____ TASK MATERIAL
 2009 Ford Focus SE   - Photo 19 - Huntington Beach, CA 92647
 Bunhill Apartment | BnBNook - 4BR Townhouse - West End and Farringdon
________
____ TASK MATERIAL
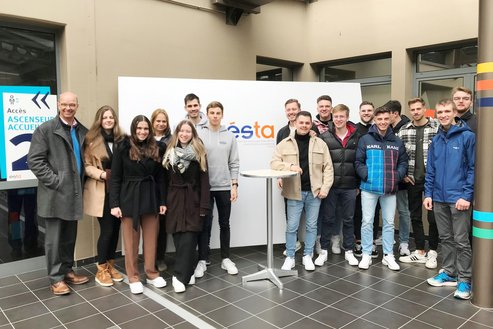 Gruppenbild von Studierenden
________
* [TASK OBJECTIVE]: For this exercise, please output exactly the lines above starting at the line with "2009 Ford Focus" and ending at the line with "Bunhill Apartment |", ends included.

* [ANSWER BELOW]:
 2009 Ford Focus SE   - Photo 19 - Huntington Beach, CA 92647
 Bunhill Apartment | BnBNook - 4BR Townhouse - West End and Farringdon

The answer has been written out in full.